Dataset Pipelines - Window deprecated?

Hi, a few months ago I bought the book Learning Ray Flexible Distributed Python for Machine Learning by Max Pumperla, Edward Oakes & Richard Liaw, in this book the version of Ray they use is 2.2.0.

In this book there is a section where they talk about the Dataset and how there is a functionality so that the operations are not blocking and as soon as the data are available they continue with the subsequent instructions, it is called DatasetPipeline and uses a function called window(blocks_per_windows=5) for example

While trying to do the examples in the book with the latest version of Ray, I am realizing that this function (window) does not exist now.

For example, the following code says that until all the data has been processed with the function called cpu_intensive_preprocessing, it does not proceed with the function gpu_intensive_inference, so there is a time where the GPU is idle.

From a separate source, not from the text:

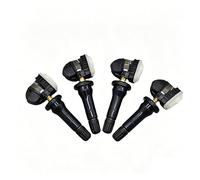 Compatibile Con Ford Per C-Max Per Mondeo Per Kuga Per Focus Per Fiesta EV6T-1A180-CB EV6T1A150CB Sensore Di Monitoraggio Della Pressione Dei Pneumatici TPMS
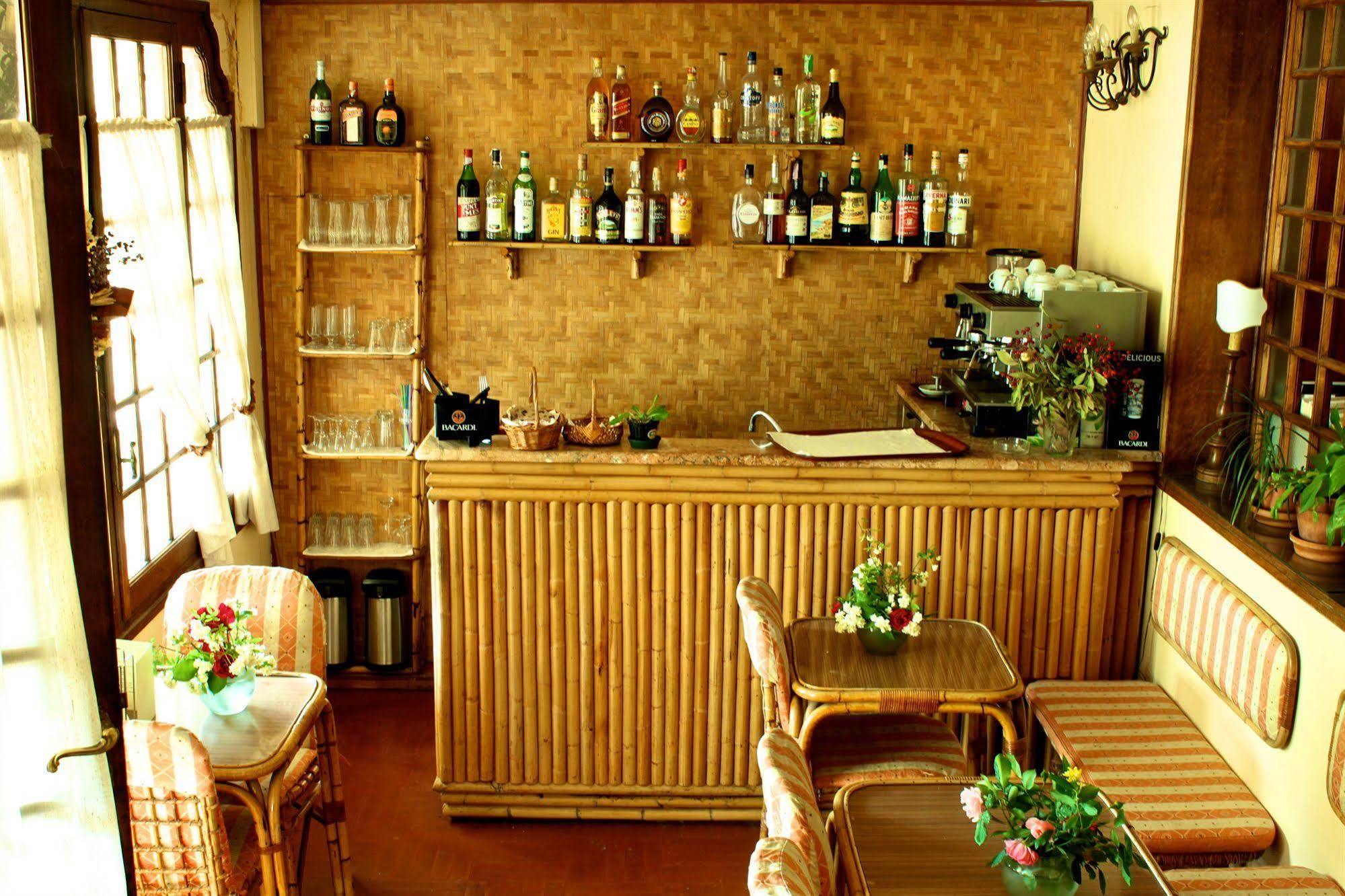 Hotel Villa Le Rondini Φλωρεντία Εξωτερικό φωτογραφία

ds = (ray.data.read_parquet("s3://my_bucket/input_data")
      .map(cpu_intensive_preprocessing)
      .map_batches(gpu_intensive_inference, compute="actors", num_gpus=1)
      .repartition(10))

So as described in the book, to avoid that some resources are idle, you use the window parameter (window(blocks_per_window=5) that basically processes in blocks and so when the first blocks are ready, you can start to perform the tasks in the gpu_intensive_inference function like this:

ds = (ray.data.read_parquet("s3://my_bucket/input_data")
      .window(blocks_per_window=5)
      .map(cpu_intensive_preprocessing)
      .map_batches(gpu_intensive_inference, compute="actors", num_gpus=1)
      .repartition(10))

In the new versions of Ray, this is no longer necessary because it is done automatically?

Thanks

Yes, that’s correct. DatasetPipeline is deprecated because Ray Data uses streaming execution by default (basically always using DatasetPipeline). window() is also deprecated as a part of this. You can read more details here: Ray Data Internals — Ray 2.34.0

1 Like

Thank you very much for the quick reply!
I guess some things in the book will be a bit outdated by now, so I think I’d better read the official documentation on the web.